======== Extracted information

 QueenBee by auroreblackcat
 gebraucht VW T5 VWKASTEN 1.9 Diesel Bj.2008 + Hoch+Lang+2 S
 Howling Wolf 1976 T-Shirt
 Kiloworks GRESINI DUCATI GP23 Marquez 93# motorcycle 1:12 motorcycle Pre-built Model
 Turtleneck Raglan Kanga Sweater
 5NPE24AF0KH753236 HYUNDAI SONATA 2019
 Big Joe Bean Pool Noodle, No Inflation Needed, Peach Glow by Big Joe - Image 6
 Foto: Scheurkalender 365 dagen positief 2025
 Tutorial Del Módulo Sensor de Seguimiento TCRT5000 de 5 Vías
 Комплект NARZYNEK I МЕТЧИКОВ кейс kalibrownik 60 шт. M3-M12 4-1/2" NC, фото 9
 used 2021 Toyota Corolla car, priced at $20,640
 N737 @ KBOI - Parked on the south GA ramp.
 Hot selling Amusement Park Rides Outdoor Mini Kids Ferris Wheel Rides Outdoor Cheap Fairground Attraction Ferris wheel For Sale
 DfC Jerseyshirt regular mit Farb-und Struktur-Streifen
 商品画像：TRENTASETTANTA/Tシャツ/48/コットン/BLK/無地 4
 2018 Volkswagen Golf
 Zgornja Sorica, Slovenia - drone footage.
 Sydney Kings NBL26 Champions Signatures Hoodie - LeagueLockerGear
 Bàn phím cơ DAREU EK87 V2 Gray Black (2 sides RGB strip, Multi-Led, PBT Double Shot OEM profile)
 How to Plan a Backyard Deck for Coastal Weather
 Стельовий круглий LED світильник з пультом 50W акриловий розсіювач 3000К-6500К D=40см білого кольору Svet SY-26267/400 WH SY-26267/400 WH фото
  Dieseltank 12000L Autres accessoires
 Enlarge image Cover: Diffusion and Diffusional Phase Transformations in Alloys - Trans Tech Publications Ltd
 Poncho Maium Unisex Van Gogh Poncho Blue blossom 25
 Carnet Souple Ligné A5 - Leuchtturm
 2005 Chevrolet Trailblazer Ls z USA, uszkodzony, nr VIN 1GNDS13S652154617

================

Problem to work on -
After reading the listing, copy all of it out exactly.

Task response -
 QueenBee by auroreblackcat
 gebraucht VW T5 VWKASTEN 1.9 Diesel Bj.2008 + Hoch+Lang+2 S
 Howling Wolf 1976 T-Shirt
 Kiloworks GRESINI DUCATI GP23 Marquez 93# motorcycle 1:12 motorcycle Pre-built Model
 Turtleneck Raglan Kanga Sweater
 5NPE24AF0KH753236 HYUNDAI SONATA 2019
 Big Joe Bean Pool Noodle, No Inflation Needed, Peach Glow by Big Joe - Image 6
 Foto: Scheurkalender 365 dagen positief 2025
 Tutorial Del Módulo Sensor de Seguimiento TCRT5000 de 5 Vías
 Комплект NARZYNEK I МЕТЧИКОВ кейс kalibrownik 60 шт. M3-M12 4-1/2" NC, фото 9
 used 2021 Toyota Corolla car, priced at $20,640
 N737 @ KBOI - Parked on the south GA ramp.
 Hot selling Amusement Park Rides Outdoor Mini Kids Ferris Wheel Rides Outdoor Cheap Fairground Attraction Ferris wheel For Sale
 DfC Jerseyshirt regular mit Farb-und Struktur-Streifen
 商品画像：TRENTASETTANTA/Tシャツ/48/コットン/BLK/無地 4
 2018 Volkswagen Golf
 Zgornja Sorica, Slovenia - drone footage.
 Sydney Kings NBL26 Champions Signatures Hoodie - LeagueLockerGear
 Bàn phím cơ DAREU EK87 V2 Gray Black (2 sides RGB strip, Multi-Led, PBT Double Shot OEM profile)
 How to Plan a Backyard Deck for Coastal Weather
 Стельовий круглий LED світильник з пультом 50W акриловий розсіювач 3000К-6500К D=40см білого кольору Svet SY-26267/400 WH SY-26267/400 WH фото
  Dieseltank 12000L Autres accessoires
 Enlarge image Cover: Diffusion and Diffusional Phase Transformations in Alloys - Trans Tech Publications Ltd
 Poncho Maium Unisex Van Gogh Poncho Blue blossom 25
 Carnet Souple Ligné A5 - Leuchtturm
 2005 Chevrolet Trailblazer Ls z USA, uszkodzony, nr VIN 1GNDS13S652154617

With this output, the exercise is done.